== To do ==
Please give back each line of the material unchanged, but without the images.
== Recorded data ==
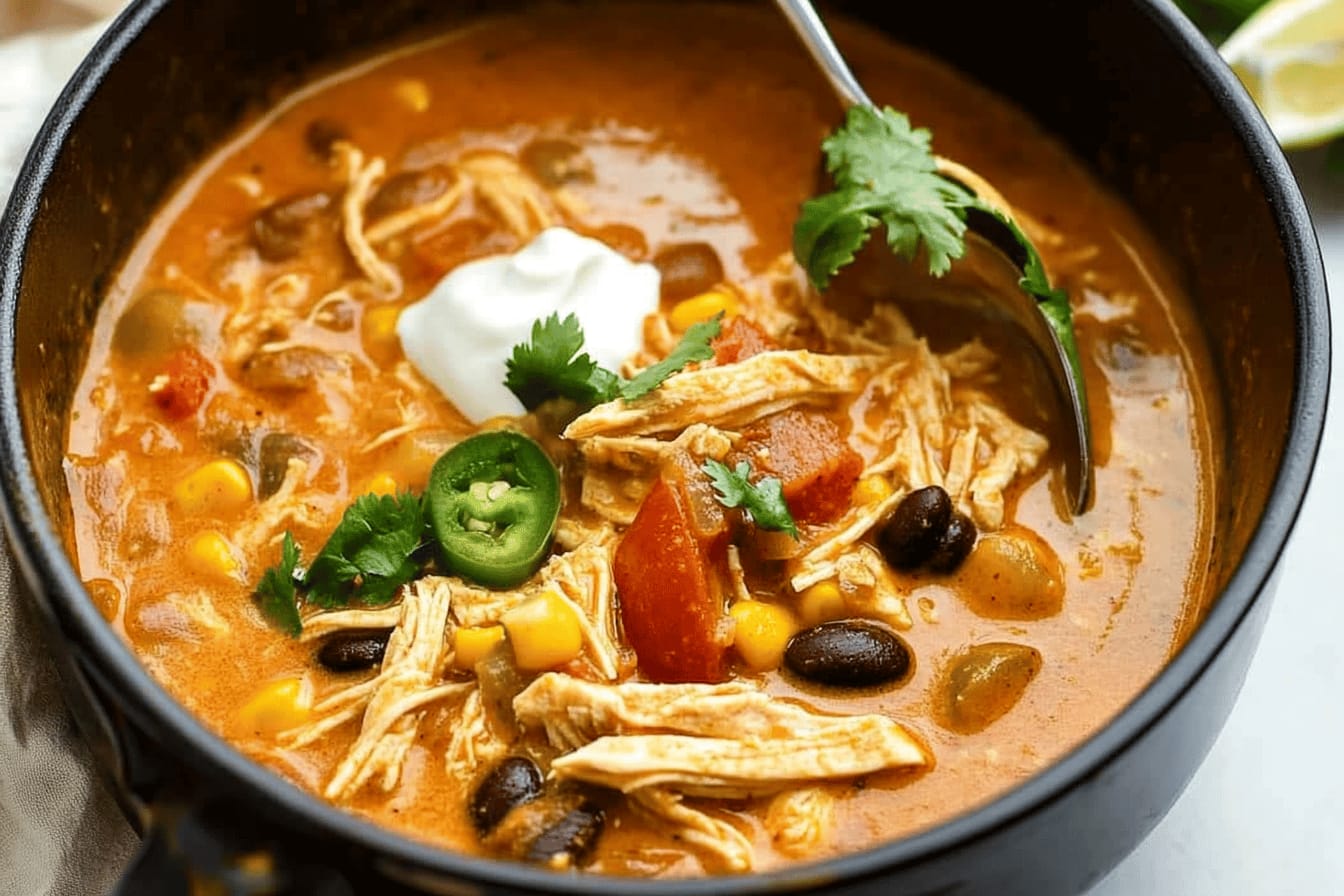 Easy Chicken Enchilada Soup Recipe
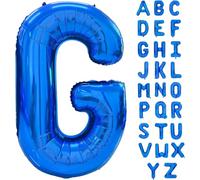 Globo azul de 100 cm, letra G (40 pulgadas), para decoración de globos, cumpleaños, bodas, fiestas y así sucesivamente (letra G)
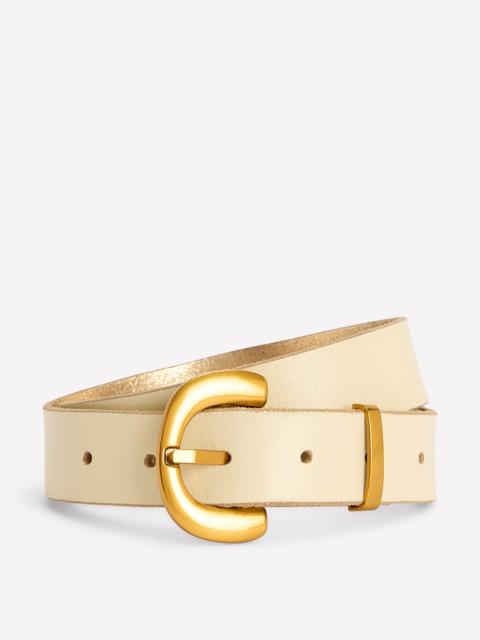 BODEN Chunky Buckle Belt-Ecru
===
== Solution below ==
 Easy Chicken Enchilada Soup Recipe
 Globo azul de 100 cm, letra G (40 pulgadas), para decoración de globos, cumpleaños, bodas, fiestas y así sucesivamente (letra G)
 BODEN Chunky Buckle Belt-Ecru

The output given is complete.